Table 2: Quick Checks To Decide If A Desk Is Intermediating
Use these checks when you’re unsure whether an activity is “true intermediation” or something adjacent.
| Check | What “Yes” Looks Like | What It Suggests |
|---|---|---|
| Stands between two sides | Issuer–investor, buyer–seller, cash lender–cash borrower | Core intermediary role |
| Earns fees or spreads for placement or trading | Underwriting fees, bid–ask spreads, execution fees | Paid for connection and pricing |
| Touches distribution or market access | Bookbuilding, allocation, exchange access, clearing route | Access intermediary |
| Holds short-term risk | Warehouses inventory, bridges financing, guarantees placement | Risk-transfer intermediary |
| Reduces information gaps | Diligence, disclosure shaping, investor targeting | Information intermediary |
| Runs on balance sheet capacity | Funding, collateral, capital usage tied to activity | Dealer-style intermediation |
So, Are They Intermediaries Or Not?
If you define “intermediary” only as “takes deposits and makes loans,” then many investment banks won’t fit. That definition is narrow and misses how capital markets move funds.

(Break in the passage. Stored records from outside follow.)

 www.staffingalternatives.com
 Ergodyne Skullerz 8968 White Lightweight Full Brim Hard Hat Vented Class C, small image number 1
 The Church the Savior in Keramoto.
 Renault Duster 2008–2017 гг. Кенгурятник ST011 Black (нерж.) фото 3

If you define “intermediary” as “sits between parties to move capital, price risk, and enable trading,” investment banks fit cleanly. Underwriting is intermediation. Market making is intermediation. Distribution is intermediation. Prime brokerage links can be intermediation too, since they connect trading clients to funding and settlement channels that make activity possible.
That’s why policy sources spend time on market-based intermediation and nonbank channels. The funding system is bigger than deposits, and investment banks sit in the middle of a large share of it.
References & Sources
- U.S. Securities and Exchange Commission (SEC).“Investor Bulletin: Investing in an IPO (PDF).”Explains how IPO underwriters (investment banks) market, price, and distribute new shares.

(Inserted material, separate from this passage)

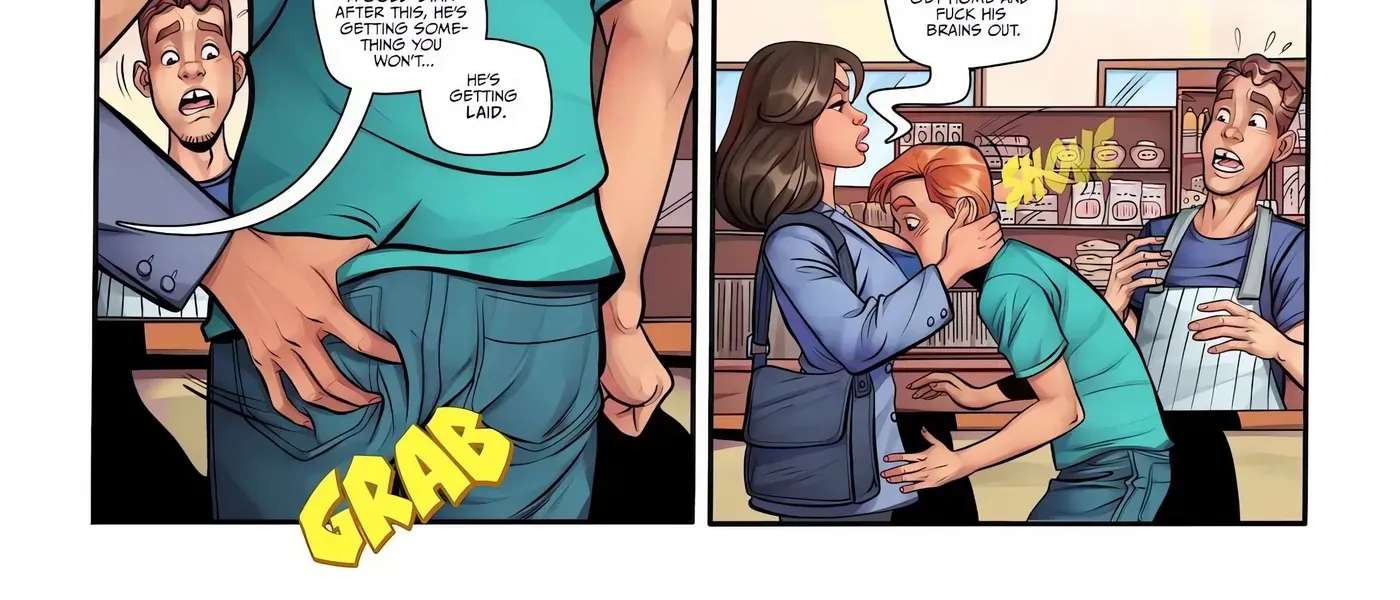 [COMICS] Watching My Step Chapter 5 - page 30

- Federal Reserve Board.“Financial Intermediaries Analysis.”Describes research focus on evolving intermediation, including dealer-intermediated markets and interactions with nonbanks.
- Bank for International Settlements (BIS).“Non-bank financial intermediaries and financial stability (Working Paper 972, PDF).”Reviews market-based intermediation and channels that link intermediaries, liquidity demand, and leverage dynamics.
- Congressional Research Service (CRS).“Nonbank Financial Intermediation (NBFI or ‘Shadow Banking’) and Capital Markets Policy (PDF).”Defines nonbank intermediation as funding outside the banking system and summarizes policy concerns tied to scale and complexity.